## Randomized Binary Search

### Problem 527

A secret integer `t` is selected at random within the range 1 ≤ `t` ≤ `n`.

The goal is to guess the value of `t` by making repeated guesses, via integer `g`. After a guess is made, there are three possible outcomes, in which it will be revealed that either `g` < `t`, `g` = `t`, or `g` > `t`. Then the process can repeat as necessary.

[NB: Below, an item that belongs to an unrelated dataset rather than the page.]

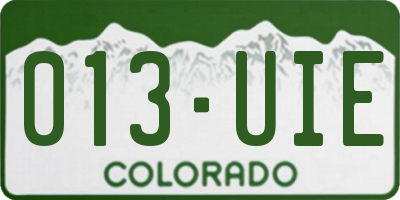 CO license plate 013UIE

Normally, the number of guesses required on average can be minimized with a binary search: Given a lower bound `L` and upper bound `H` (initialized to `L` = 1 and `H` = `n`), let `g` = ⌊(`L`+`H`)/2⌋ where ⌊⋅⌋ is the integer floor function. If `g` = `t`, the process ends. Otherwise, if `g` < `t`, set `L` = `g`+1, but if `g` > `t` instead, set `H` = `g`−1. After setting the new bounds, the search process repeats, and ultimately ends once `t` is found. Even if `t` can be deduced without searching, assume that a search will be required anyway to confirm the value.

Your friend Bob believes that the standard binary search is not that much better than his randomized variant: Instead of setting `g` = ⌊(`L`+`H`)/2⌋, simply let `g` be a random integer between `L` and `H`, inclusive. The rest of the algorithm is the same as the standard binary search. This new search routine will be referred to as a *random binary search*.

Given that 1 ≤ `t` ≤ `n` for random `t`, let B(`n`) be the expected number of guesses needed to find `t` using the standard binary search, and let R(`n`) be the expected number of guesses needed to find `t` using the random binary search. For example, B(6) = 2.33333333 and R(6) = 2.71666667 when rounded to 8 decimal places.

Find R(10^{10}) − B(10^{10}) rounded to 8 decimal places.